How Statistical Arbitrage based Algorithm Trading combined with ML can be a winner in Developing Economies
INTRODUCTION
Algorithmic Trading Strategies, from the outside, sound extremely fancy and too complicated. However, they are nothing but a bunch of rules that are used on a Stock Exchange to automate the execution of orders without any human intervention. Algorithmic Trading Strategies require a quantitative model which runs upon live market data parameters such as price, volume, etc. and ensure a positive Alpha at the end of the trade.
All algorithmic trading strategies can be broadly classified as:
1. Momentum/ Trend based strategies - Follows the current Market momentum. In simple words: Buy high and sell higher, and vice-versa.

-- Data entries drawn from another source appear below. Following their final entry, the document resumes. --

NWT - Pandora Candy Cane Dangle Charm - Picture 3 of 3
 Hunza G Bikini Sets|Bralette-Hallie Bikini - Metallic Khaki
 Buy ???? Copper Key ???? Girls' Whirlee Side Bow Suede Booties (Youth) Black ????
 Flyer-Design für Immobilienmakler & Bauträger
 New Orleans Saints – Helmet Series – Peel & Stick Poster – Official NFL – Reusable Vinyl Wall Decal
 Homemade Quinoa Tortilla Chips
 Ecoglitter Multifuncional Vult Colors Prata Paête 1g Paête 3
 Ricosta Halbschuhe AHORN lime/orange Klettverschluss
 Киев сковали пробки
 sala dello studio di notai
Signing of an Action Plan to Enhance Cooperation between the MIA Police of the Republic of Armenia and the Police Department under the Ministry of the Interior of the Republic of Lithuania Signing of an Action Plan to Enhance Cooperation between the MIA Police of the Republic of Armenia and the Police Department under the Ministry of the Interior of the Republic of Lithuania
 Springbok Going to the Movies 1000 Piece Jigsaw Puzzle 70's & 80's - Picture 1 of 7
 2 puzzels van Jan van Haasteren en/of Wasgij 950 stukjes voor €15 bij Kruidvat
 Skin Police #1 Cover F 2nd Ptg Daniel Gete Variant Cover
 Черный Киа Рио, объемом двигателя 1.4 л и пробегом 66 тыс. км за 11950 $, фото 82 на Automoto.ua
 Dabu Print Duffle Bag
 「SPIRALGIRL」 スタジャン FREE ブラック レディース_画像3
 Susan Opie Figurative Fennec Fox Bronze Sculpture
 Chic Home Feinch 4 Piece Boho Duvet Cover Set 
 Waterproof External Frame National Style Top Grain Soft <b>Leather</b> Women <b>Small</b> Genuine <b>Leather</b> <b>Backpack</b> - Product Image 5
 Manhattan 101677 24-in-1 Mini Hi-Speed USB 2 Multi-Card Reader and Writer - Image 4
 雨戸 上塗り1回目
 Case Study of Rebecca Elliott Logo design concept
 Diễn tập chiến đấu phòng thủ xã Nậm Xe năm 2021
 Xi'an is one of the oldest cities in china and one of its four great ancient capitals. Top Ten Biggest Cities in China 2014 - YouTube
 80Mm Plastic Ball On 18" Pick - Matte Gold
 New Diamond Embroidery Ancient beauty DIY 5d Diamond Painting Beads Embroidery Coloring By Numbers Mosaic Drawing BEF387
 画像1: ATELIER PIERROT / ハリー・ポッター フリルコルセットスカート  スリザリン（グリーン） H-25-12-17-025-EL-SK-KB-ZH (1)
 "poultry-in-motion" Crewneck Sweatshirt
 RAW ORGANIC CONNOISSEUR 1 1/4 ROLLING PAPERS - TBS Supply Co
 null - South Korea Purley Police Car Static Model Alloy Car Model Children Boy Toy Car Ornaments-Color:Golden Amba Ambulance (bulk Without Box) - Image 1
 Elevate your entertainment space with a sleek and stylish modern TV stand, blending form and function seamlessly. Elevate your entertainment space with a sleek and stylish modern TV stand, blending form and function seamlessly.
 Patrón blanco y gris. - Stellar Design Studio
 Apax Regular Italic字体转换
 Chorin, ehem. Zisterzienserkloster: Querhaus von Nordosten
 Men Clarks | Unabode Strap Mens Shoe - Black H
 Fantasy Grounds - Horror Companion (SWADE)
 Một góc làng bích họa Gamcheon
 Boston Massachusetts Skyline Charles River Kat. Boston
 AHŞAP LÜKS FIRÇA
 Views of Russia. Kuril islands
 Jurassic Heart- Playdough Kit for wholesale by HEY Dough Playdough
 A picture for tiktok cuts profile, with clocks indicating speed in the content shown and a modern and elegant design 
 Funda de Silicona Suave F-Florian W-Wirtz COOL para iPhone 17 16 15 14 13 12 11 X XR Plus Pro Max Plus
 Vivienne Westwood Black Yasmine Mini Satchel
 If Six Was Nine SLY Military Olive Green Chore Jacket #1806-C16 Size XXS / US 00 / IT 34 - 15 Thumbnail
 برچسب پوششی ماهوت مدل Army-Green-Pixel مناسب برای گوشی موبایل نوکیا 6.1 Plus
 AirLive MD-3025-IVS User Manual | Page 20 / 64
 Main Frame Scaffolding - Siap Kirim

2. Market Making strategies - Market Makers provide liquidity by quoting both Buy & Sell prices, thereby profiting on the Bid-Ask spread.
3. Arbitrage strategies – These are event-driven strategy, and are thus market movement-neutral. Arbitrage can be across different Stock Exchanges, geographies, currencies etc.
4. Statistical Arbitrage strategies - Also known as Pairs Trading strategy, such arbitrage opportunities arise out of misquoting of prices in pairs.
This document will focus on the Statistical Arbitrage Strategy, formulate our own model and apply it on the Indian Stock Markets.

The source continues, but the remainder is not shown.